High-temperature decomposition chemistry of trimethylsiloxane surfactants, a potential Fluorine-Free replacement for fire suppression

Per-and polyfluoroalkyl substances (PFAS) have become global environmental contaminants due to being notori-ously difficult to degrade, and it has become increasingly important to employ suitable PFAS alternatives, especially in aqueous film-forming foams (AFFF). Trimethylsiloxane (TriSil) surfactants are potential fluorine-free replacements for PFAS in fire suppression technologies. Yet because these compounds may be more susceptible to high-temperature decomposition, it is necessary to assess the potential environmental impact of their thermal degradation products. Our study analyzes the high-temperature degradation of a truncated trimethylsiloxane (TriSil-1n) surfactant based on quantum mechanical methods. The degradation chemistry of TriSil-1n was studied through radical formation and propagation initiated from two prominent pathways (unimolecular and bimolecular reactions) at both 298 K and 1200 K, a relevant temperature in flames and thermal incinerators.
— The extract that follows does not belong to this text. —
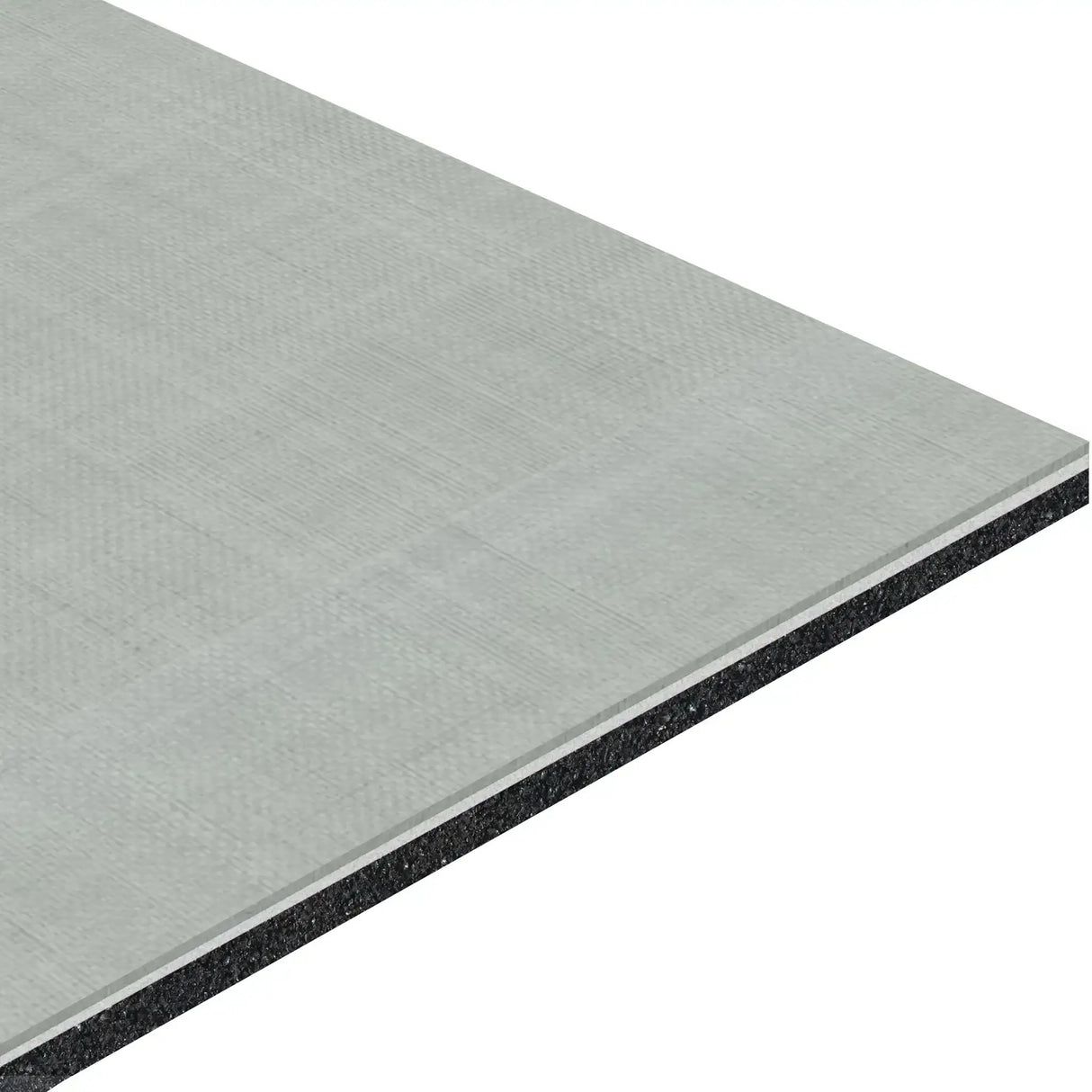 A close-up of the ECORE Serenity Motivate Laminate Roll - 7mm Class 1 Flooring by ECORE Athletic shows its rectangular, layered structure with a textured light gray surface and dark inner core, emphasizing its thickness.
Regardless of the pathway taken and temperature, all radical intermediates stemmed from the polyethylene glycol chain and primarily formed stable poly-dimethylsiloxanes (PDMS) and small organics such as ethylene, formaldehyde, and acetaldehyde, among other products. The major degradation products of TriSil-1n resulting from high-temperature thermal degradation as predicted by this study would be relatively less harmful to the environment compared to PFAS incineration/com-bustion products from previous research, supporting the replacement of PFAS with TriSil surfactants.

Automated summary

This study analyzed the high-temperature degradation of a truncated trimethylsiloxane (TriSil-1n) surfactant and found that the degradation products of TriSil-1n are relatively less harmful to the environment compared to PFAS incineration/combustion products from previous research, supporting the replacement of PFAS with TriSil surfactants.